In this regard, Trejo et al. (2011) evaluated the effectiveness of seven arbuscular mycorrhizal consortia in the coffee zone of Veracruz, and they observed that the most effective AMF consortia in promoting the height and survival of coffee plants under field conditions were those that came from agroecosystems with a medium level of technology since it correlated with a greater richness of AMF species. Likewise, Carballar-Hernández et al. (2017) reported variations in the native communities of AMF associated with chile Poblano crops in the region of Puebla, Mexico; with a significant change in the composition of fungal species depending on agronomic management and soil properties. The foregoing suggests that it is essential to recognize what are the agricultural practices, the intensity, and the input of chemical fertilizers in certain crops, where there is an interest in knowing the AMF communities for the purpose of selecting effective and potential mycorrhizal consortia in agriculture in Mexico (Alarcón et al., 2012; Trejo et al., 2011). Therefore, the objectives of this research were: i) to evaluate the presence or absence of arbuscular mycorrhizal colonization in six vegetable crops (spinach, cilantro, cabbage, pumpkin, lettuce, and parsley) in the Tepeaca Valley, Puebla, Mexico; ii) determine the arbuscular mycorrhizal consortia associated with each agricultural crop and iii) explore the relationship of AMF communities with soil properties in each crop due to the lack of information in this regard.
Materials and Methods
Agricultural region of study
This research was carried out in the Tepeaca Valley, located in the state of Puebla. The map of the Mexican Republic indicates that the Tepeaca valley is located at the central part of the state of Puebla. Due to its geographical position, it is located between coordinates 18° 55’ 30” and 19° 06’ 18” N of the Tropic of Cancer and between 97° 48’ 18” and 97° 59’ 18” longitude west of the Greenwich Meridian. The relief of the Tepeaca Valley is mountainous, with hills and mountains. All this causes the valley to have an altitude of 2080 and 2840 meters.
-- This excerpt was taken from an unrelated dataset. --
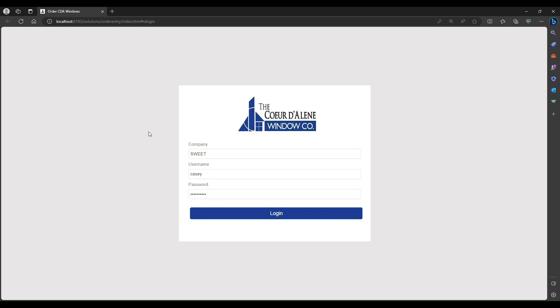Hello and welcome to the Coeur d'Alene Window Company's new order entry website. In this video, we will go over how to log in for the first time and change your password from the default password provided to you.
The Tepeaca valley is characterized by having a temperate sub-humid climate, an average temperature of 12 to 18 °C throughout the year, and the dominant type of soil in the region is Cambisols suitable for agricultural activities, it has a territorial extension of 125 976 hectares and consists of 14 municipalities: Acatzingo, Quecholac, Acajete, Los Reyes de Juárez, Tepeaca, Tepeyahualco de Cuauhtémoc, Amozoc, Tecamacalcho, San Salvador Huixcolotla, Tecali de Herrera, Cuautinchan, Tochtepec, Tlanepantla, and General Felipe Angeles.
Working farm field
In the agricultural zone of Acatzingo, Puebla, two samplings were carried out on April 26 and August 17 2017, the important agricultural season of the state. On each date, 5 subsamples of roots and soil near the rhizosphere were randomly collected from spinach (Spinacia oleracea L.), coriander (Coriandrum sativum L.), cabbage (Brassica oleracea L.), pumpkin (Cucurbita pepo L.), lettuce (Lactuca sativa var. capitata L.) and parsley (Petroselinum sativum Hoffm. ex Gaudin). The plants with their roots and soil were placed in polyethylene bags and labelled for transport to the laboratory, where they were kept under refrigeration (4 °C) for conservation until processing.
Root staining
To evaluate the presence of arbuscular mycorrhizal colonization in the plants of the six crops, a root staining process was carried out to highlight the AMF structures, using the Phillips-Hayman technique (Phillips and Hayman, 1970), of spinach, cilantro, cabbage, pumpkin, lettuce, and parsley. For this, secondary roots were cut from each of the collected plants into 2.0 cm long fragments and placed in vials with a 10% potassium hydroxide (KOH) solution until the roots were covered and placed in an autoclave for 10 min at 15 Lb of pressure and 120 °C to eliminate the cellular content and the radical pigments; at the end of the time, the KOH was removed and washed with sufficient water, then 1% hydrochloric acid (HCl) was added until the roots were covered and it was allowed to acidify for 5 min. Finally, they were stained with acid fuchsin and trypan blue, leaving them to act for 24 hours.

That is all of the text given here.